Se nos ha muerto a todos, porque en él teníamos la memoria de una ciudad que dejó de existir conforme él nos la fue describiendo en sus relatos costumbristas. Aquellos que aclaraban conciencias, intenciones, amores y el cariño a la palabra comprometida que nunca escondió.
El viejo Juan se ha muerto cuando iba a cumplir 98 años, un joven de esa edad que siempre fue capaz de hablarle de tú a la realeza y tratarle de usted a la conciencia.
Porque sí algo tenía este hombre era educación y esa elegancia decimonónica de un liberal en tierra comprometida.
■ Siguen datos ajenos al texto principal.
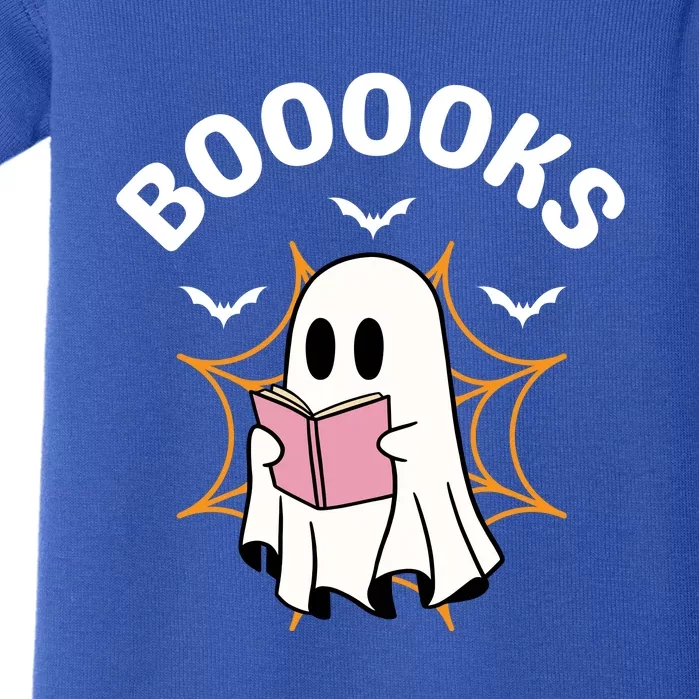 Booooks Cute Halloween Ghost Read More Books Funny Spooky Baby Bodysuit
Juan le cantaba las verdades al barquero y se reía hacia fuera cuando su risa era capaz de alegrar la concurrencia. Cuando no, era un carraspeo debajo del bigote y aquellos ojos pequeños le brillaban con el carbón del ideal que siempre ardía.
Satrústegui fue anarquista enrolado a la fuerza en las tropas de Franco, socialista después, para sobrevivir en dignidades que no eran costumbre en estas tierras. Fue cronista, la voz y la gaceta, un hombre de chiquitos y grande en los abrazos. Tan grande que tuvo que subrayarse la sonrisa dos veces. Una debajo del bigote hecho paréntesis y otra tras la boina ladeada, bien plantada y serena; capaz de hacerle sombra a las mentiras.
Fue pintor y amigo de pintarle la cara a quien mintiera, poeta de brocha gorda porque su rima fue siempre la de Estella y sus piedras, porque para detalles él tenía amistades que elegía y quería.
Por eso fue mi amigo y le quería. Tenía un año más que mi padre, el mismo ideal irreverente. Era capaz de regalarle un cuadro a ese mendigo que decía a escondidas que «pa pintar así …» pues te lo quedas. Eso lo vi yo en la casa de cultura, donde me daba la paga algún domingo.
Luego con los años me venía a la radio a saludar: «El saludo del viejo Juan» y decía lo que le daba la gana porque ya tenía esa edad en la que todo importa menos las consecuencias.
Recuerdo que una noche de viernes nos echaron a los dos del Trovador, no era de noche que era madrugada. No pagamos la entrada. Saludamos corteses al portero y nada más bajar las escaleras, a la izquierda, siempre a la izquierda, derechos a la barra: yo mi cerveza de siempre, él su rosado bien frío.
Y dice el camarero sorprendido:
-No hay rosado.
-Clarete?
-No es lo mismo?
Me mira, se atusa gravemente la boina y sin mirarme me dice:
-Vámonos.
y que nos fuimos, las tres de la mañana y a casa sin la espuela.
«Es que si no hay rosado no hay nada. !Ni vergüenza!
A dónde vamos a parar!
Y tenía razón, porque el cariño estaba en los detalles.
De entre las cosas escritas que le guardo a Capirucho nos cuenta en uno de sus primero libros, y ya termino:
«A la hora de lidiar, los toreros lanzan su brindis dirigiéndose a una persona escogida, bien una amistad, un personaje, una bella mujer o al público en general. Esta dedicatoria, este brindis, lo dirijo a toda persona que ama a todo y todos, sin fronteras, ni límites, ni colores; a todos los que se sacrifican por los demás sin ánimo de lucro y a cuantos, movidos por un ideal, son capaces de sufrir las mil fatigas, como aquellos viejos peregrinos que impulsados por la fe, convergían en la Ruta Jacobea haciendo del sendero el Camino de Europa.»
Juan Satrústegui descansa convencido y querido.
Te echábamos de menos hace un tiempo, amigo, buen amigo.